__Description of the task__
Retype, exactly as they appear below, the lines between the line holding "KIA E-NIRO 150Kw 3 64Kwh 5Dr Auto" and the line holding "中国黑龙江哈尔滨冰雪大世界采冰航拍", both ends included.

__Task input__
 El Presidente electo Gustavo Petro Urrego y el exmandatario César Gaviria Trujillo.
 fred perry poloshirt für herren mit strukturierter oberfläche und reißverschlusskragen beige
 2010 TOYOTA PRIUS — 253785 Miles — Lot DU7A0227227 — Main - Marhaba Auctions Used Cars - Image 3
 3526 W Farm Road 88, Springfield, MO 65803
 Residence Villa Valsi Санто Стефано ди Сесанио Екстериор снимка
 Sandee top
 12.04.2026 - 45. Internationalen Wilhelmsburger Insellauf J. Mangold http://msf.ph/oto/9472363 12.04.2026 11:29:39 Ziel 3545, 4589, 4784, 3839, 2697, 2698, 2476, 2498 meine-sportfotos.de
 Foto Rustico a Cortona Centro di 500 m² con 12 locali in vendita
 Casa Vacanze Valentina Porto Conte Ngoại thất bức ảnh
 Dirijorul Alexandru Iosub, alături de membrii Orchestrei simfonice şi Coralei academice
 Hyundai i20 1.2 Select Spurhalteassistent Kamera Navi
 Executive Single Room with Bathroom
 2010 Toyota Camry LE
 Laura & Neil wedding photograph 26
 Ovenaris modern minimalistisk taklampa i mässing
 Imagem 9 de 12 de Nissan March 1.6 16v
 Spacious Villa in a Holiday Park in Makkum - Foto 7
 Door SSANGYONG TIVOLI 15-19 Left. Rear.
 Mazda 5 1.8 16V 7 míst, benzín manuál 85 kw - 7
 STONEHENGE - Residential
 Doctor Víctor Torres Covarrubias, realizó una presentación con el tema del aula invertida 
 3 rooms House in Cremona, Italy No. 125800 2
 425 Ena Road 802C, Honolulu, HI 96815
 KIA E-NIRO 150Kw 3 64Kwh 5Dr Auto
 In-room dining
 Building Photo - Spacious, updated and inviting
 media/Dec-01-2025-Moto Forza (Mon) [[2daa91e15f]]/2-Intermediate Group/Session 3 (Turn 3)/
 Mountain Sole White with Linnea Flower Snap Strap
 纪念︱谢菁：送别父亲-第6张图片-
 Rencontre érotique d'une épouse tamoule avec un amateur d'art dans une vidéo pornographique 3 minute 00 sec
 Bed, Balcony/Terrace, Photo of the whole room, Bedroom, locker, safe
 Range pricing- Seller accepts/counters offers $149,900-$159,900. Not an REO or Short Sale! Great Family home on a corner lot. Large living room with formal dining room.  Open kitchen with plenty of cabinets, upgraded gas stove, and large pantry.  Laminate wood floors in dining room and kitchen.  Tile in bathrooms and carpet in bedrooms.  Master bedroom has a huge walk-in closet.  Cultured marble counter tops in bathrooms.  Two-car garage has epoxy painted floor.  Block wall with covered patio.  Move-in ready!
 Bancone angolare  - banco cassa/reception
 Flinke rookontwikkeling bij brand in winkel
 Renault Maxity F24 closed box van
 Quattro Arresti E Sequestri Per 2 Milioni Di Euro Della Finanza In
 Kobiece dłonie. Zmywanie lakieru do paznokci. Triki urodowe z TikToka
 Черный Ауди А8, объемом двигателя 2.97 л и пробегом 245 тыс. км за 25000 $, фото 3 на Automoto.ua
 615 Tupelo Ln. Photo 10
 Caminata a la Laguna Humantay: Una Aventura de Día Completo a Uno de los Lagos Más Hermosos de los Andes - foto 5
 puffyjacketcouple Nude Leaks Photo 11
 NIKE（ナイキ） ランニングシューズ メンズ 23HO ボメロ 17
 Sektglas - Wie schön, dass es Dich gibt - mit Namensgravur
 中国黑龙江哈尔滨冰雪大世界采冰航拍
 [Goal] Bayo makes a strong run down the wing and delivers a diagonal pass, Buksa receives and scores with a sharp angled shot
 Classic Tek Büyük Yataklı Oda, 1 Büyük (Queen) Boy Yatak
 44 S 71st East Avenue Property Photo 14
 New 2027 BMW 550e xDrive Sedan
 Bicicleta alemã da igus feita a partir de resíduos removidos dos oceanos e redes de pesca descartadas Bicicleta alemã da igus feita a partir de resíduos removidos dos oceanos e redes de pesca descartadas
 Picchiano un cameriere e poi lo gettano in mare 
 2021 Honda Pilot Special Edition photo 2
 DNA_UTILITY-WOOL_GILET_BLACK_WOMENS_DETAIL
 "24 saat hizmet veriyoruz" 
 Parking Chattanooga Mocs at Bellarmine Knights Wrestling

__Written answer__
 KIA E-NIRO 150Kw 3 64Kwh 5Dr Auto
 In-room dining
 Building Photo - Spacious, updated and inviting
 media/Dec-01-2025-Moto Forza (Mon) [[2daa91e15f]]/2-Intermediate Group/Session 3 (Turn 3)/
 Mountain Sole White with Linnea Flower Snap Strap
 纪念︱谢菁：送别父亲-第6张图片-
 Rencontre érotique d'une épouse tamoule avec un amateur d'art dans une vidéo pornographique 3 minute 00 sec
 Bed, Balcony/Terrace, Photo of the whole room, Bedroom, locker, safe
 Range pricing- Seller accepts/counters offers $149,900-$159,900. Not an REO or Short Sale! Great Family home on a corner lot. Large living room with formal dining room.  Open kitchen with plenty of cabinets, upgraded gas stove, and large pantry.  Laminate wood floors in dining room and kitchen.  Tile in bathrooms and carpet in bedrooms.  Master bedroom has a huge walk-in closet.  Cultured marble counter tops in bathrooms.  Two-car garage has epoxy painted floor.  Block wall with covered patio.  Move-in ready!
 Bancone angolare  - banco cassa/reception
 Flinke rookontwikkeling bij brand in winkel
 Renault Maxity F24 closed box van
 Quattro Arresti E Sequestri Per 2 Milioni Di Euro Della Finanza In
 Kobiece dłonie. Zmywanie lakieru do paznokci. Triki urodowe z TikToka
 Черный Ауди А8, объемом двигателя 2.97 л и пробегом 245 тыс. км за 25000 $, фото 3 на Automoto.ua
 615 Tupelo Ln. Photo 10
 Caminata a la Laguna Humantay: Una Aventura de Día Completo a Uno de los Lagos Más Hermosos de los Andes - foto 5
 puffyjacketcouple Nude Leaks Photo 11
 NIKE（ナイキ） ランニングシューズ メンズ 23HO ボメロ 17
 Sektglas - Wie schön, dass es Dich gibt - mit Namensgravur
 中国黑龙江哈尔滨冰雪大世界采冰航拍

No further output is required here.